Health Accounts presents an overview of sources of financing healthcare, how these finances are paid to the providers, for which services and for whom (population characteristics) within the health system at national or sub-national level for a financial year (FY). This information is presented in the Global Health Expenditure Database (GHED) for almost all countries based on health accounts. Out of Pocket expenditure (OOPE) is a major source of financing healthcare in most Low-and Middle-Income Countries (LMICs). OOPE is defined as any payment made by the household directly at the point of receiving a health service. OOPE is a significant indicator to measure financial risk protection offered by the health system and to monitor progress towards universal health coverage (SDG 3.8). When OOPE is a major source of financing, households tend to face financial hardship when seeking health services. Households that cannot afford to pay at point of service, may also forego care. OOPE estimates for India are presented in the National Health Accounts (NHA). These are available for FY 2001-02, FY 2004-05 & consecutively for FY 2013-14 to FY 2018-19. OOPE for NHA India is estimated from household health or consumption surveys conducted by the National Sample Survey Office, Ministry of Statistics and Program Implementation, Government of India (NSSO-MoSPI) and market data available on sale of medical goods. Routine health related administrative data captured by government, insurers, regulators, and providers which is commonly used in OECD countries is not the usual source in India due to limited data availability.
India's NHA estimates show a declining trend of OOPE as a proportion of its total health expenditures (THE). OOPE as % of THE was 70 in FY 2004-05, which declined to 64 in FY 2013-14 and to 48.8 in FY 2017-18 and 48.2 in FY 2018-19. The steep decline observed between FY 2013-14 and FY 2017-18 is debatable, which motivated us to conduct an exploratory analysis of the OOPE trends and methods of estimation in India from survey data. It is understood that there is no change in the NHA-OOPE estimation method during this period. OOPE has been derived from the major data source-the National Sample Survey on Social ConsumptionHealth (NSS-Health) for two data periods (NSS 2014 and NSS 17-18).
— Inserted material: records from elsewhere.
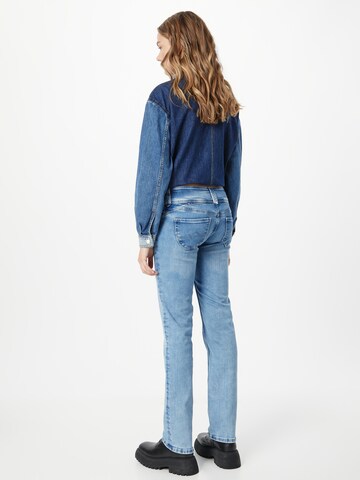 Pepe Jeans Regular Jeans in Blau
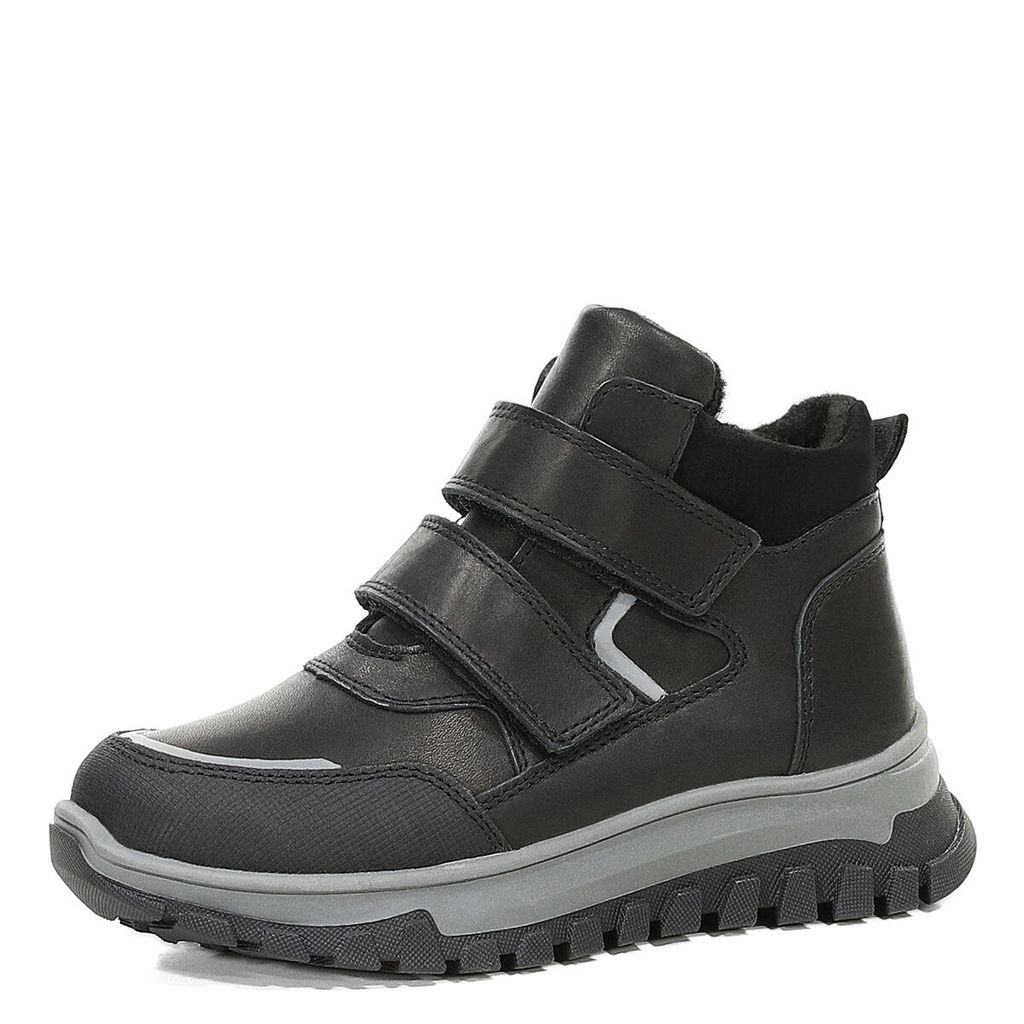 Ботинки для школьников-мальчиков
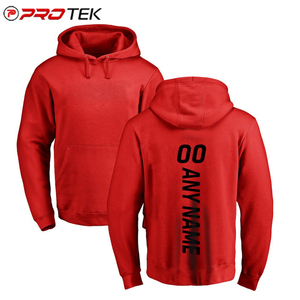 2018 derniers sweats à capuche d'hiver MMA personnalisés confortables de grande taille pour hommes avec un design unique pour les promotions - Product Image 3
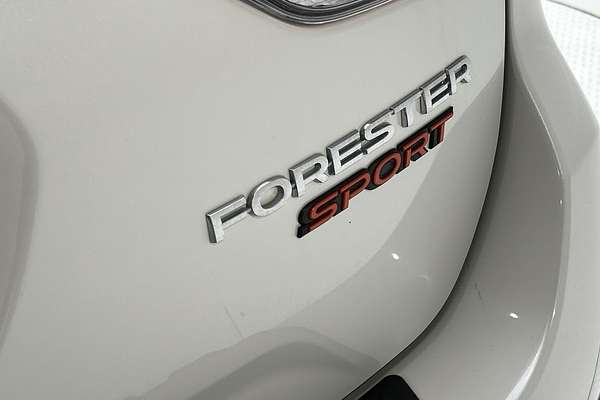 2020 Subaru Forester 2.5i Sport S5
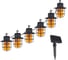 Садовый светильник на солнечной батарее Uniel PT2500 LANTERNS USL-S-121 UL-00006558 9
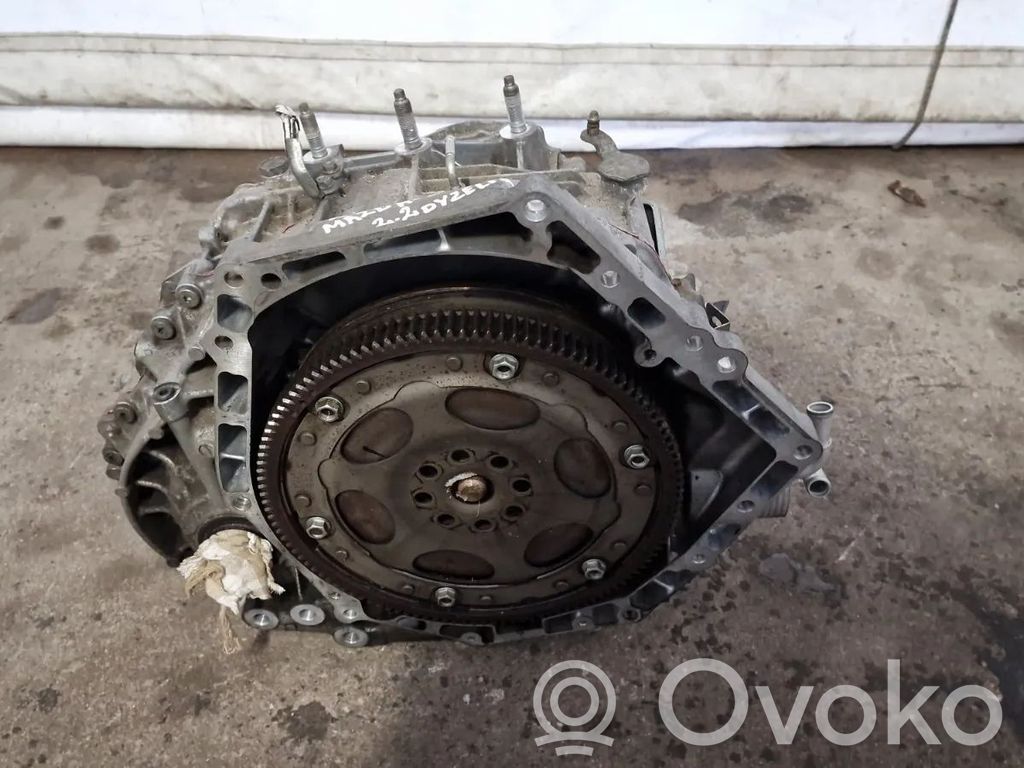 Mazda 6 Automatic gearbox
Items for which OOPE is derived from the consumption expenditure survey data (CES), data was extrapolated from NSS 68th Round (2011-12), as latest data is not available. Market data available on sale of medical goods for both years 2014 & 2017-18 was used. This directed a comparative analysis of the survey methods and instruments used in NSS-Health from the last four rounds (1995-96, 2004, 2014 & 2017-18).
Further NSS-Health 2017-18 data is compared to other surveys conducted during the same period with similar objectives-Longitudinal Ageing Study in India (LASI), 2017-18 and Consumer Pyramids Household Survey-Centre for Monitoring Indian Economy (CPHS-CMIE), January 2014 to April 2018. Between the consecutive NSS-Health rounds, there is no change in survey methods that can significantly explain a decline in the NHA-OOPE estimates. Between the NSS 2014 and NSS 2017-18, there is a decline in the reported proportion of ailing persons (PAP) and hospitalization rate which may explain the decline in OOPE. However, when these indicators are compared for various disease categories, this decline is also noticed for non-communicable diseases. NSS-Health 2017-18 hospitalization rates for persons aged 45 years or more, are lower than those reported in LASI 2017- 18, indicating certain limitations with the NSS 2017-18 in capturing hospitalization rates. A comparative analysis of data from NSS-Health 2017-18 and CPHS-CMIE 2018, indicates that both surveys show majority health spending is incurred by households from the top deciles (richer sections).
However, NSS-Health underrepresents the richer section and CPHS-CMIE might be more equipped to capture the low frequency and high magnitude spending incurred by the top deciles. We understand that the NSS-Health 2017-18 data has limitations with regards to reporting hospitalization rates and representing the health spending by the top deciles, which may have underestimated OOPE. 6 However, to be able to ascertain these findings and exactly suggest where NSS-Health methods are to be strengthened, further study of longitudinal trends of CPHS-CMIE and truncated NSS-Health and LASI data adjusted to age specific morbidity and hospitalization rates is required. Further, exploratory analysis is required to understand the impact of demonetisation and other economic policies implemented during this period, which many researchers believe influenced access to healthcare and utilisation of services in the country.
For accurate NHA-OOPE estimates, in parallel to strengthening the NSS-Health methods, it is suggested to explore pathways to derive estimates using an integrated approach that allows for triangulating NSS-Health data with administrative data from insurers and providers, as recommended by SHA 2011. For estimating OOPE from health facilities, a periodic provider survey can be conducted, as is a practice in most countries reporting health accounts.
To arrive at a sample of providers for the survey, database of healthcare providers available from the National Health Resource Repository (NHRR) and the database of empanelled network hospitals available with Insurance Regulation & Development Authority of India (IRDAI) and the National Health Authority can be used.